| TASK TO CARRY OUT |
Look through the records below for the line with "Cute Japanse roze". Return that line and each one after it up to and including the line with "Autism Mama Trucker", exactly.

Web page caption snippets:
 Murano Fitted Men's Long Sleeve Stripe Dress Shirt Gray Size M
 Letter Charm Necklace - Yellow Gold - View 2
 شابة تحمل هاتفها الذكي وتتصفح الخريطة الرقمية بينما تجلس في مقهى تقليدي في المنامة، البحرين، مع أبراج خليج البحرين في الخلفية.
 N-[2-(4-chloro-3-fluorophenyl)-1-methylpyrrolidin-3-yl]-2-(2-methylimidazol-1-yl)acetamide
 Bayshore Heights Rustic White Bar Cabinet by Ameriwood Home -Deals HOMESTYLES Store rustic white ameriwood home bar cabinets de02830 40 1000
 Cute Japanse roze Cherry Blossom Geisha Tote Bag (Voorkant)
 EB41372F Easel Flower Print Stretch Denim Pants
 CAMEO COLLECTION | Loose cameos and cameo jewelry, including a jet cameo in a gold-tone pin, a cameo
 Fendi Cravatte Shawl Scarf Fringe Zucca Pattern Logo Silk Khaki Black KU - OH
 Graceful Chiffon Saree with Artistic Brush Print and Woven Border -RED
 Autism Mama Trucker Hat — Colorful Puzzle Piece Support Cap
...
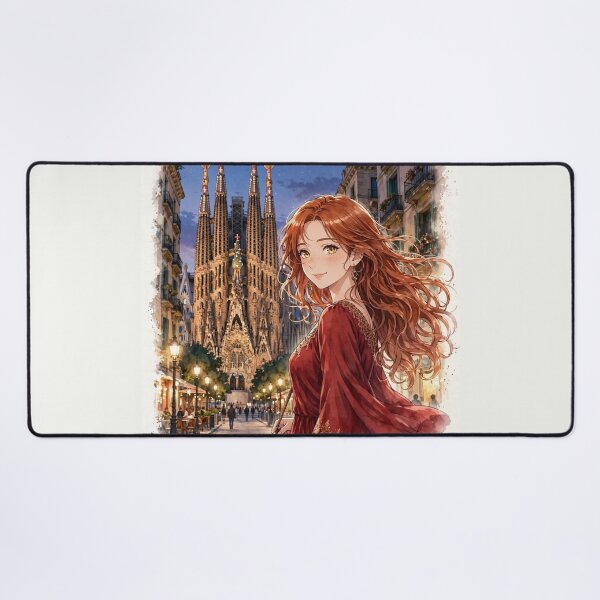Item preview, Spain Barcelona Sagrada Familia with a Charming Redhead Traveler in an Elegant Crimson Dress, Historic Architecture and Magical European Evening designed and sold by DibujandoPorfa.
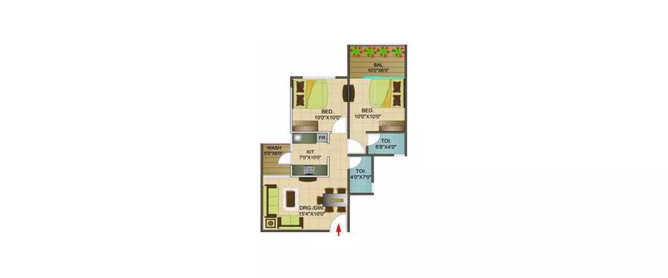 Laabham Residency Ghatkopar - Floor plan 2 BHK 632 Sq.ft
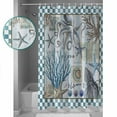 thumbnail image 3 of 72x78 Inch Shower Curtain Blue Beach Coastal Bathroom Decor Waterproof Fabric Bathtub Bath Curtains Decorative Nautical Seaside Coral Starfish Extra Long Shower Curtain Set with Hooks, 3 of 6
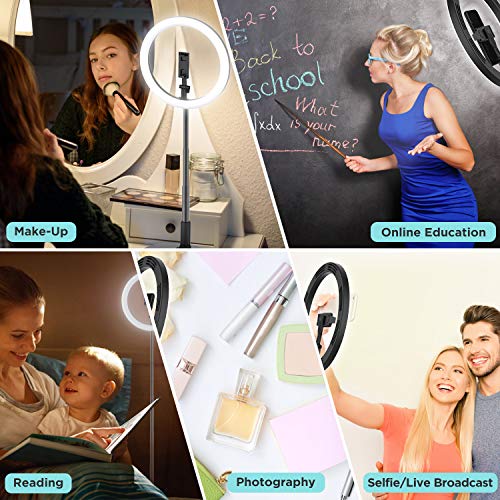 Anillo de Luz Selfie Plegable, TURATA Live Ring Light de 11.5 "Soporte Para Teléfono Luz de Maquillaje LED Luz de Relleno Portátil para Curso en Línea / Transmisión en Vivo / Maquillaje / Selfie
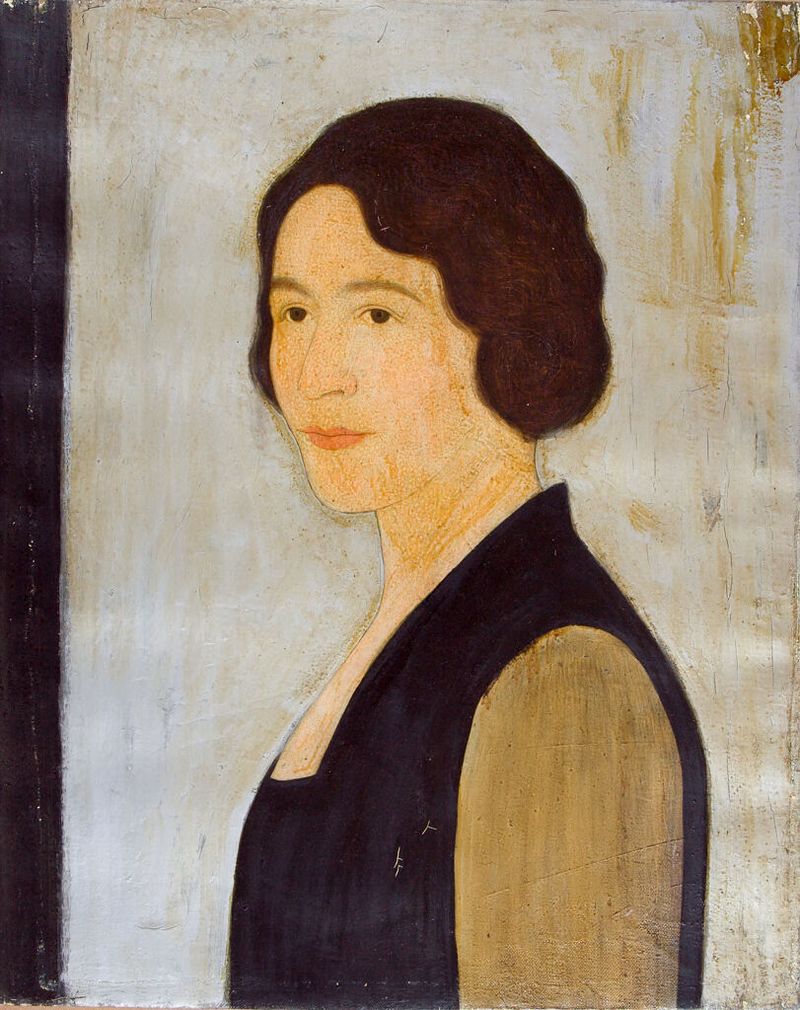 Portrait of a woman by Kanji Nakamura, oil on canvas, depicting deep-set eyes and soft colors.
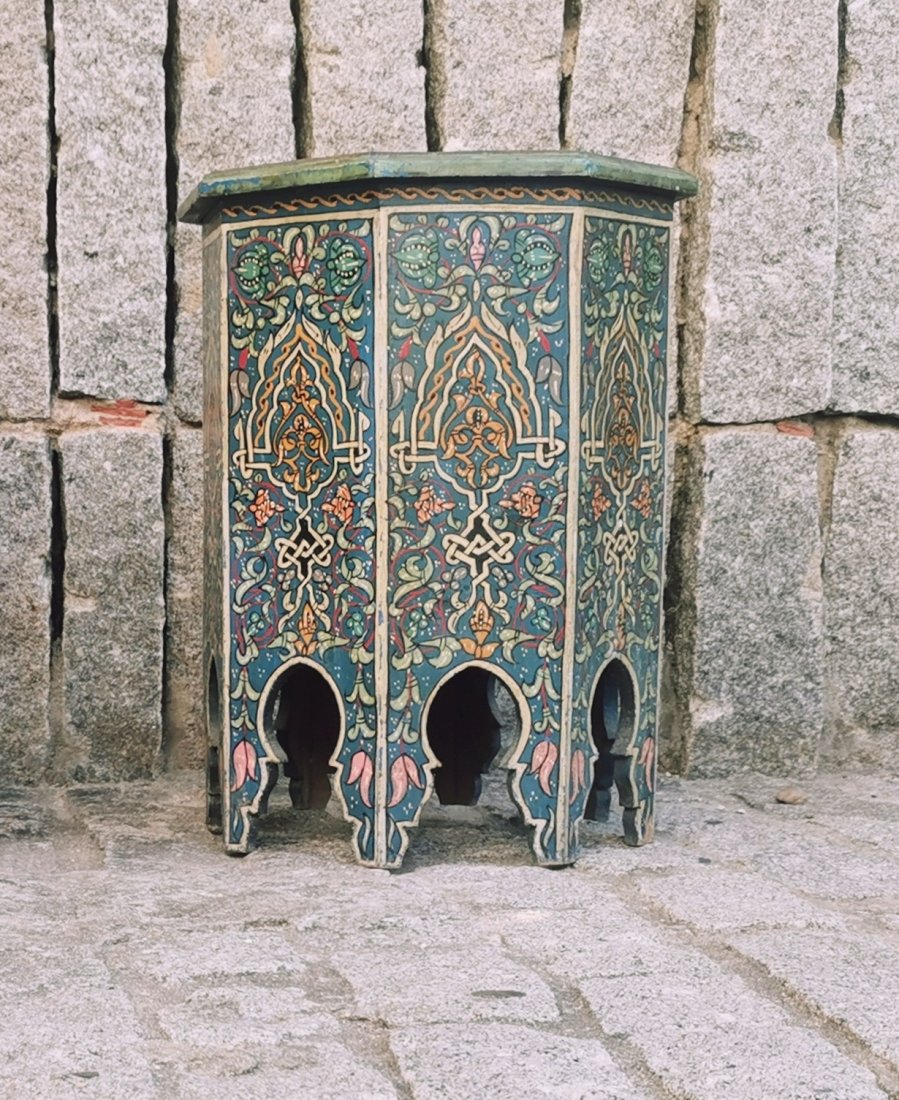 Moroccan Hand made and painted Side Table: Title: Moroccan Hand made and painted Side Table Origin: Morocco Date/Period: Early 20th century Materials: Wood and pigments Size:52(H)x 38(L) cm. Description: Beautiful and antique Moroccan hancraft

| SOLUTION TO THE EXERCISE |
 Cute Japanse roze Cherry Blossom Geisha Tote Bag (Voorkant)
 EB41372F Easel Flower Print Stretch Denim Pants
 CAMEO COLLECTION | Loose cameos and cameo jewelry, including a jet cameo in a gold-tone pin, a cameo
 Fendi Cravatte Shawl Scarf Fringe Zucca Pattern Logo Silk Khaki Black KU - OH
 Graceful Chiffon Saree with Artistic Brush Print and Woven Border -RED
 Autism Mama Trucker Hat — Colorful Puzzle Piece Support Cap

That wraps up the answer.